Cyber Incident Victim: Puma
Date:
Jan 2023
Location:
Chile
Summary
A multinational sportswear company experienced a data breach impacting over 230,000 customers on its Chilean e-commerce platform, with an 84MB dataset containing personal and transactional information listed for sale on a hacker forum. The exposed data included customer names, email addresses, phone numbers, billing and shipping details, purchase histories, and partial payment information. A threat actor attributed the leak to compromised employee accounts infected by malware, though the company stated it was investigating the incident's scope and origin. The attacker also provided purported administrative credentials for the e-commerce system, which were partially validated through password recovery functions but not independently confirmed by investigators.
| CIA Posture | Motives | Tactics, Techniques & Procedures |
|---|---|---|
| Available to members | 1 motive | 1 technique |
| Threat Actors | Type | Location |
|---|---|---|
| 0 actors | Available to members | Available to members |
Description
On or around January 21, 2023, a threat actor listed a dataset allegedly containing information from Puma’s Chilean e-commerce website (cl.puma.com) for sale on a hacker forum. The advertisement claimed the 84MB CSV file contained private data of 237,013 customers, including fields such as customer email, telephone number, name, document identifier, purchase dates, billing and shipping addresses, payment method ("Medio de pago"), order totals, coupon codes, payment status ("Estado del Pago"), city, and region. The seller, described as having a reputable standing on the forum, specified the data originated from Puma’s Chilean operations and was obtained on the stated date. Cybersecurity publication Cybernews initially reported the listing but could not independently verify its authenticity at the time. Puma confirmed it was investigating a potential data leak affecting its Chilean e-commerce platform shortly after being contacted by media, acknowledging the incident but not yet confirming the specific scope or origin of the breach.

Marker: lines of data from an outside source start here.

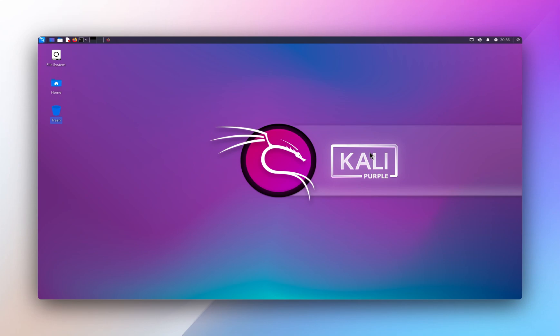Hello everyone, welcome back to another tutorial from CS Admin 102. In today's video, I will show you how to set up an OpenVPN connection on your Kali Linux.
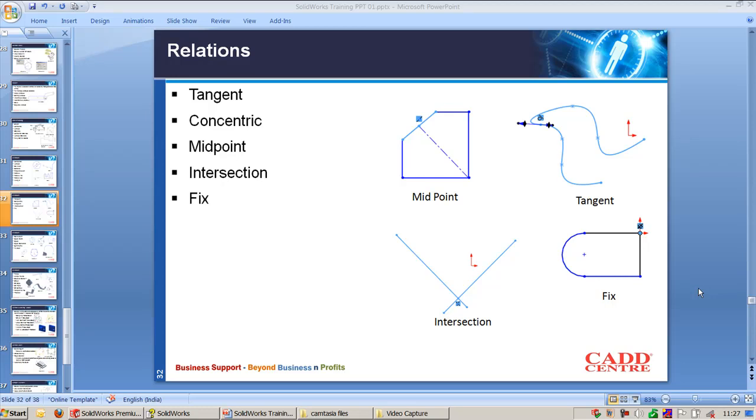The next relations are tangent, concentric mate, midpoint, intersection, and fix.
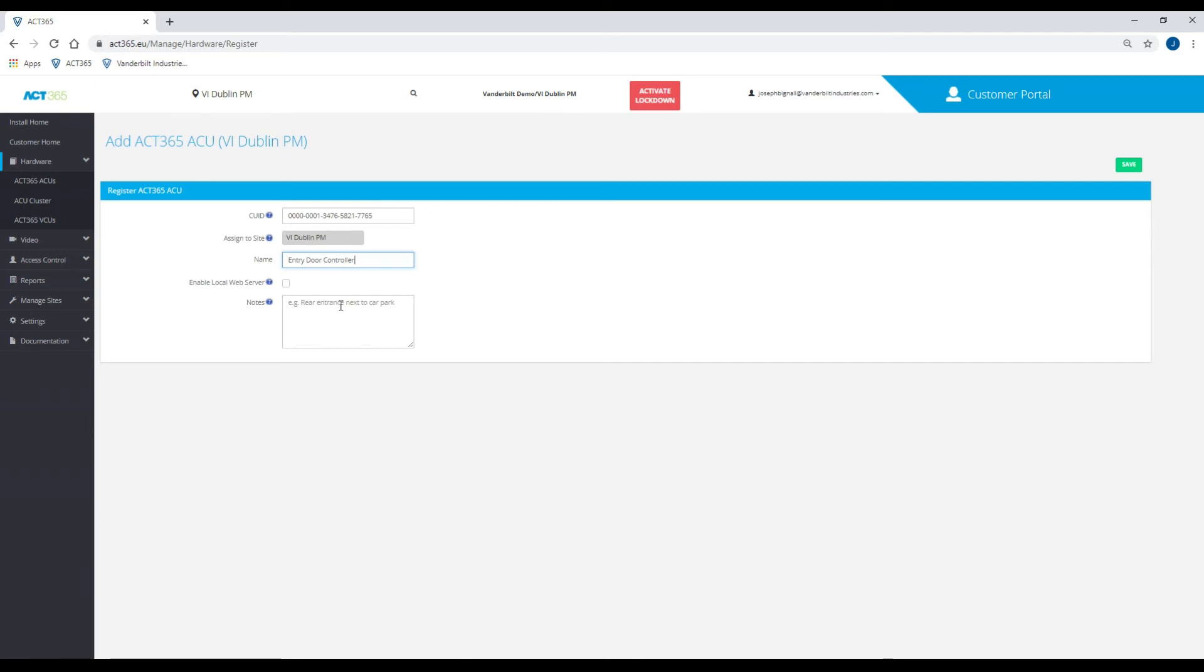Any relevant notes that you may want, and then all you have to do is click save.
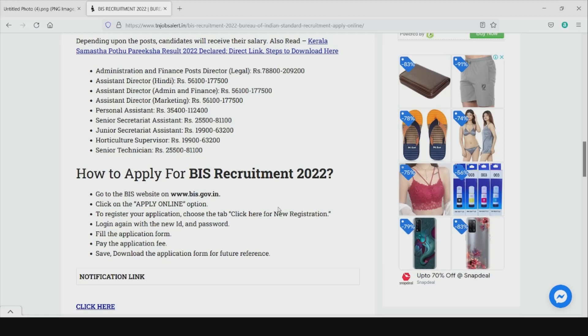BIS Recruitment 2022 — actually the BIS notification was released last year, so let's see the details.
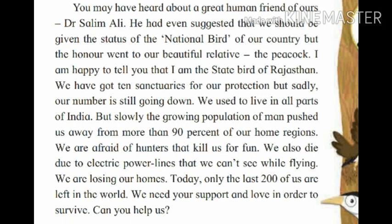The Great Indian Bustard is sad to tell that they used to live all over India. Earlier they were found in many parts of India. But due to man-made activities like hunting, their population has decreased by up to 90% and they have lost their homes. We are afraid of hunters that kill us for fun. We also die due to electric power lines that we can't see while flying. We are losing our homes. Today, only the last 200 of us are left in the world. We need your support and love in order to survive.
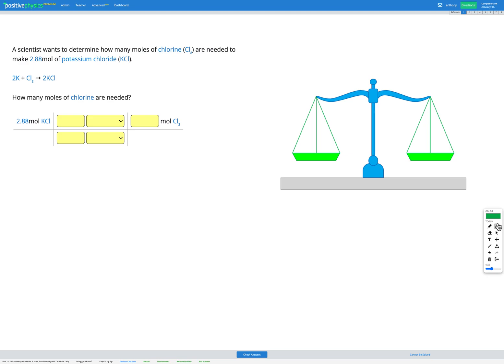In this question, a scientist wants to determine how many moles of chlorine, Cl2, are needed to make 2.88 moles of potassium chloride, KCl. We're also provided with a balanced equation for this reaction.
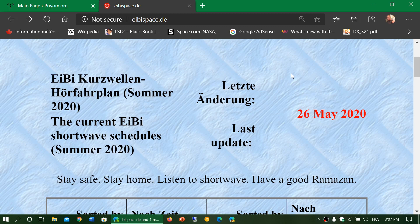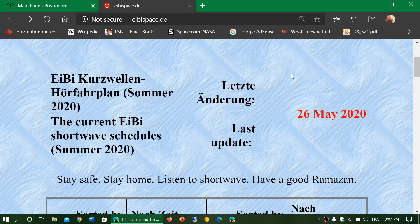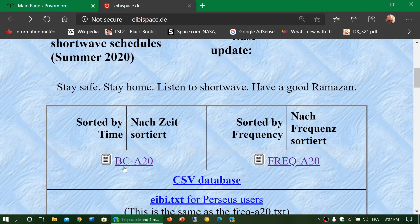Typically, schedules are divided into two categories: A and B schedules for the year. Right now, as you can see here, it says BCA20, which means Broadcast A20 — the first schedule of the year 2020. That will change in October. Schedules typically change at the end of March and at the end of October. At the end of October we'll have what's called B20, until next March when we'll be at A21 for 2021, and so on.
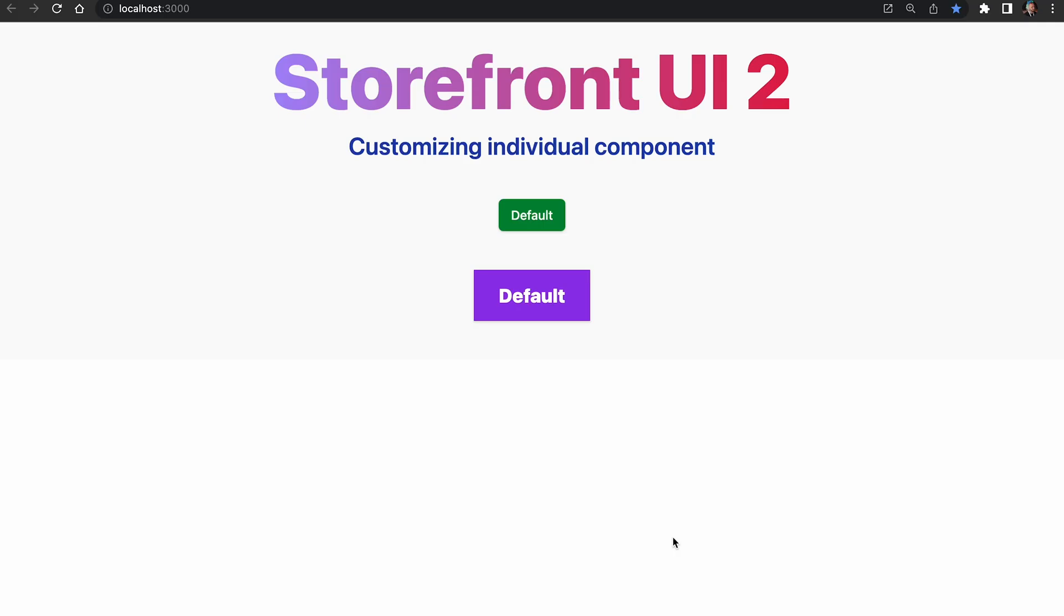Customizing components with Storefront UI2 is extremely simple. To get from the default component to the custom component like this one, it's just a matter of passing few Tailwind classes. Let me show you.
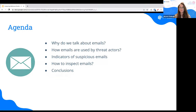Today we're going to talk about emails — phishing emails — and how we as security teams can identify, analyze, inspect them, and find malicious parts.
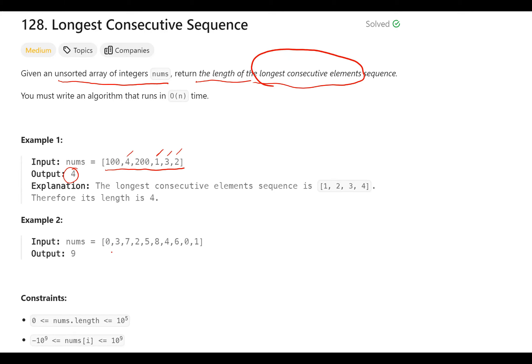For the second example, there are about 10 numbers and there are also some duplicates. Obviously for a sequence we'll consider just one of them. So we have 0, 1, 2, 3, 4, 5, 6, 7, 8 — all of them. This is from 0 to 8, that's 9 consecutive numbers. So the output is going to be 9.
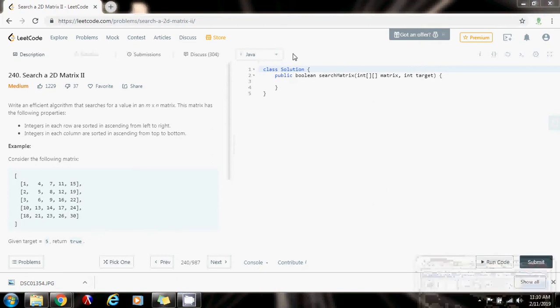Hello everybody, it's Amel, and today I'm going to show you how to solve the Search a 2D Matrix II problem.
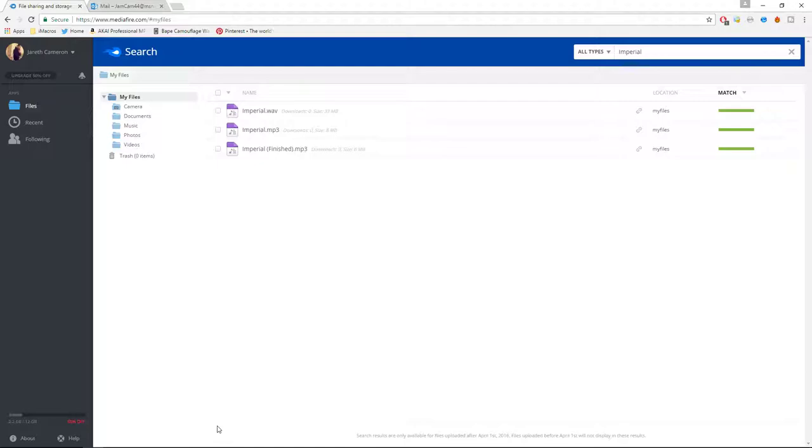So what you're going to need is a PayPal account, of course, a MediaFire account, and an email. That's it.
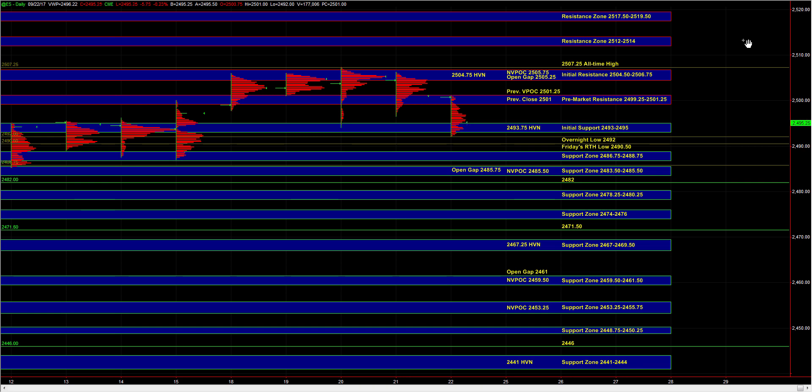If we're going back up on some decent upside momentum and participation from the other markets, then we don't necessarily have to get much of a response at pre-market resistance, and it could lead to a move into 25.04.5 to 25.06.75, where sell side could still be active.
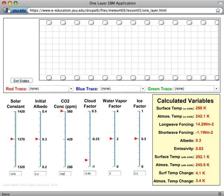The water vapor feedback, increasing the greenhouse gas concentration, giving us long wave forcing. That adds to the long wave forcing from the increase in CO2 alone.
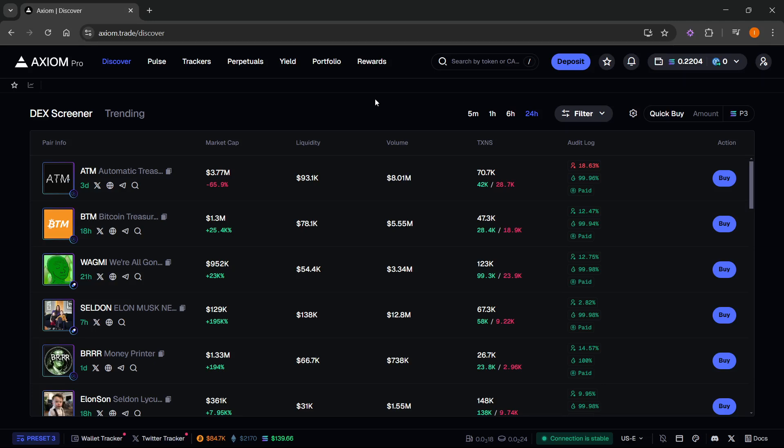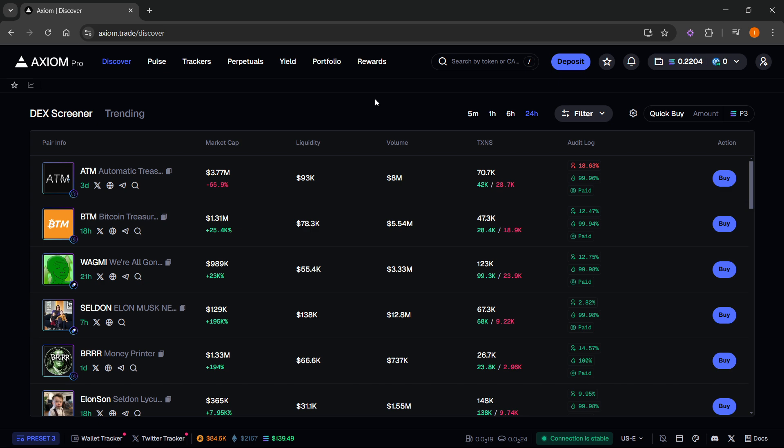In this video, I'm going to show you how to import a wallet on Axiom Pro Trade. The first thing you need is an Axiom Pro account, and there's a link down below in the description as well as in the pinned comment. If you sign up using my link, you will get a 10% discount on all trading fees forever. So make sure you check that out.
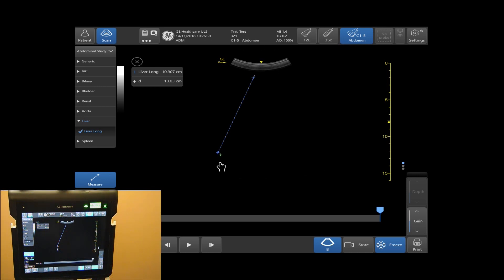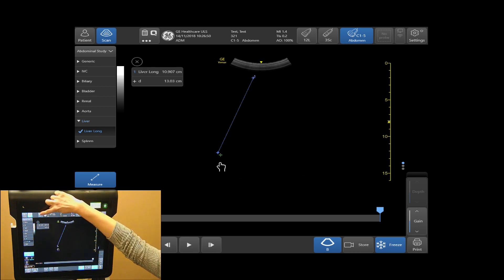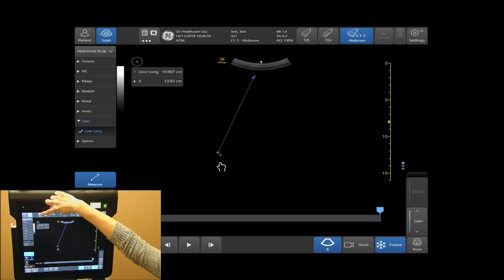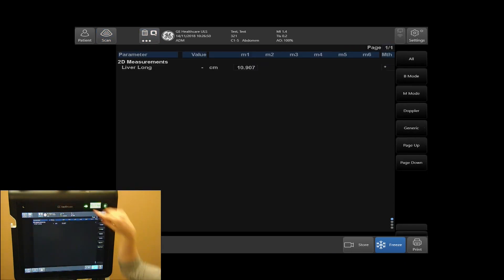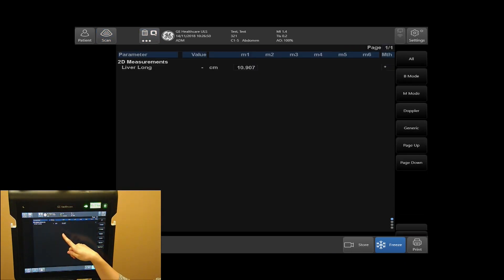To view your measurements taken in your worksheet, tap on your worksheet icon on the top of your screen. Select worksheet and all the measurements you have taken will be displayed.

Further engagement by DataBreaches.net with the forum user revealed additional claims about the breach’s cause. The threat actor asserted that Puma employees "got caught by a virus," though they clarified they did not directly compromise the systems and instead purchased logs from suppliers. To substantiate their access, the seller provided purported administrative credentials for a Puma e-commerce panel login. While DataBreaches did not attempt unauthorized access, they verified the username’s validity by triggering a password reset prompt that requested an email address for recovery. This interaction suggested the threat actor possessed at least one legitimate administrative credential, though the extent of system access or data exfiltration methods remained unconfirmed. Puma did not publicly disclose technical details about the alleged malware infection, employee involvement, or the timeline of detection and containment efforts beyond its initial statement about the ongoing investigation. The incident exposed potential risks to Chilean customers’ personal and financial information, with the dataset’s contents indicating compromised transaction records and contact details spanning an unspecified period prior to January 21.